Previously I wrote about how I figured out how to solve the 3x3 pyramorphix.

I’ve since gotten a ShengShou gigamorphix, the 5x5 version of the puzzle. This puzzle is much more pillowed than my QiYi puzzle. The proportions of all the piece types are very different. I’m not sure how much of this is a style decision and how much is necessitated by the mechanics.

At any rate, the relationship of this puzzle to the kilomorphix is exactly the same as a 3x3x3 standard cube is to a 5x5x5 cube. You can use the same Redux method, first solving the centers, then building up the edges, then solving using regular 3x3x3 cube methods.

However, just like the differences between a cube and a pyramorphix, certain additional parities exist when solving the morphix puzzles that don’t exist with standard cubes:

  1. Commutator moves to build the centers actually affect 3 center pieces
  2. The algorithm to unflip edges in 4x4x4 and larger standard cubes rearrange solved centers

These moves actually have the same effects on standard cubes, but we don’t notice or care, because each piece looks the same as the other pieces in a solved center or edge.

Solving the Last Center

Start the Redux method by solving the centers, watching the slant of the edge pieces as well as color. Important: solve the centers one at a time, always making the center face being solved the Up face.

This method works until you have one unsolved center. When you apply the commutator algorithms, the targeted piece on the Up face doesn’t swap with the corresponding Front piece. Instead, the displaced Up face moves to the piece counterclockwise from the Front piece. (Or clockwise, if you use U instead of U’ first in your commutator.) So an edge commutator actually changes 3 edge pieces, 1 on Up and 2 on Front, and a corner commutator changes 3 corners, 1 on Up and 2 on Front.

These easiest way to use this to solve your last center is to keep that face Front. Choose the piece on the Front face you need to replace, then match the piece in the same position (edge or center) one clockwise rotation to an identical piece (color and slant) on the Up face.

You may need to do this move more than once to fix all the pieces. For the two-color corners, you may also need to move one temporarily to another face. However, most of the moves won’t require changing the solution of the Up face, although you may need to move to another face to the Up position.

The diagrams below show the two commutator algorithms needed to solve the 3x3 centers. The puzzle’s edge pieces and corners aren’t pictured, but the notation uses 5x5x5 numbering.

Diagram showing the starting position of puzzle pieces on the Up and Front faces, plus a legend showing how the slant of a piece is shown by a color gradient.
Starting position of the 3x3 puzzle centers, showing the slant of pieces as light->dark as highest->lowest. Non-center edge and corner pieces of the 5x5 puzzle are not shown.

A diagram for moving edge pieces between the Up face and Front face of the puzzle using a commutation algorithm
Edge commutator and effects for 3x3 puzzle centers.
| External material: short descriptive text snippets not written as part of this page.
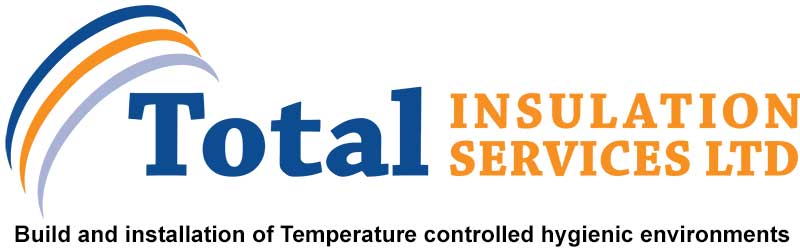 Total Insulation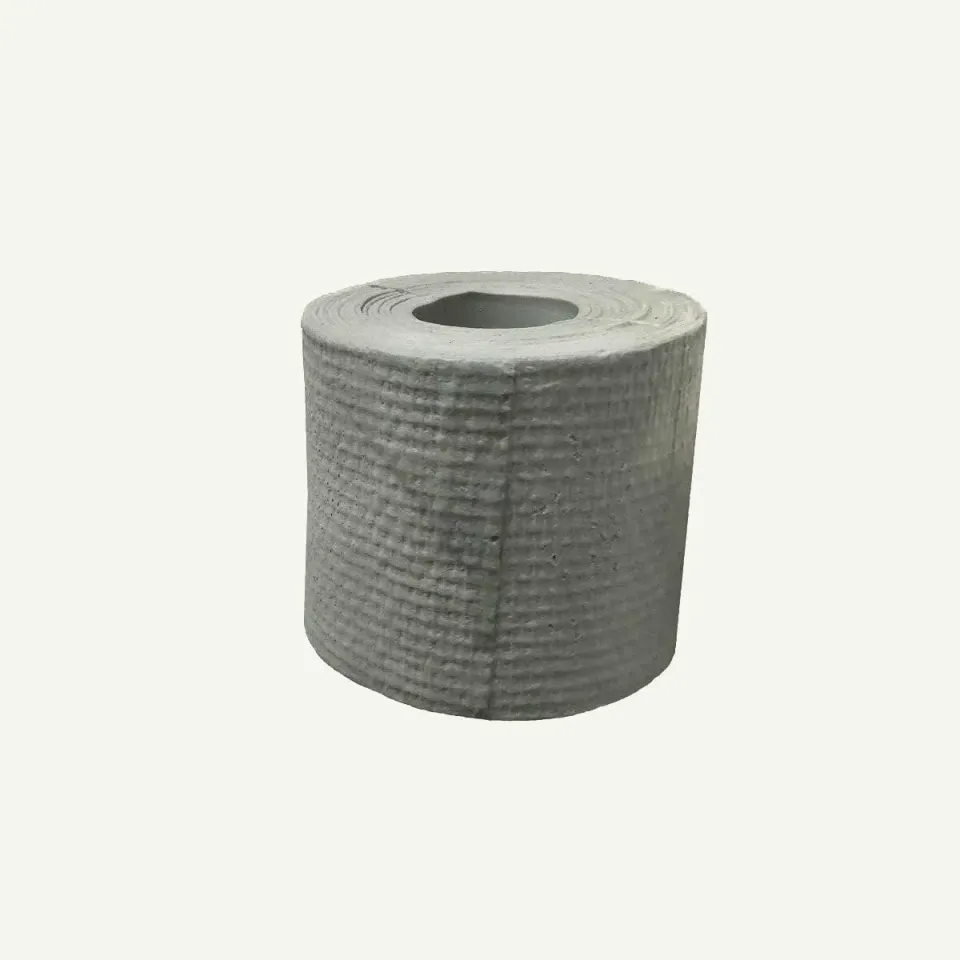 Bearpaw Longlife tinta hartie igienica 14x12 cm 500g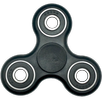 Spidget Finner APK
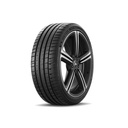 215/45R18 93Y MICHELIN PILOT SPORT 5 XL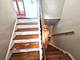1038 Cambridge, Buffalo Grove, IL 60089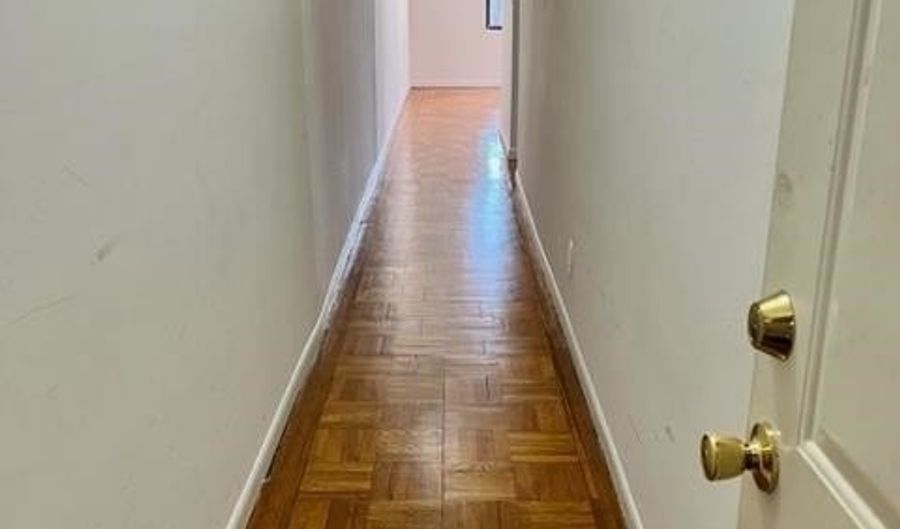 84 W 25TH St A5, Bayonne, NJ 07002 - 1 Beds, 1 Bath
Non-center edge and corner pieces of the 5x5 puzzle are not shown.

A diagram for moving corner pieces between the Up face and Front face using a commutation algorithm
Center commutator and effects for 3x3 puzzle centers. Non-center edge and corner pieces of the 5x5 puzzle are not shown.

Solve Last Edge

If you have one last unsolved edge with the top and bottom swapped, you can just use the standard edge swap algorithms against a solved edge of the same color. While the centers of the gigamorphix take more effort than the centers of a 5x5x5 cube, the edges are easier because you have 3 sets of pieces for each color which are interchangeable.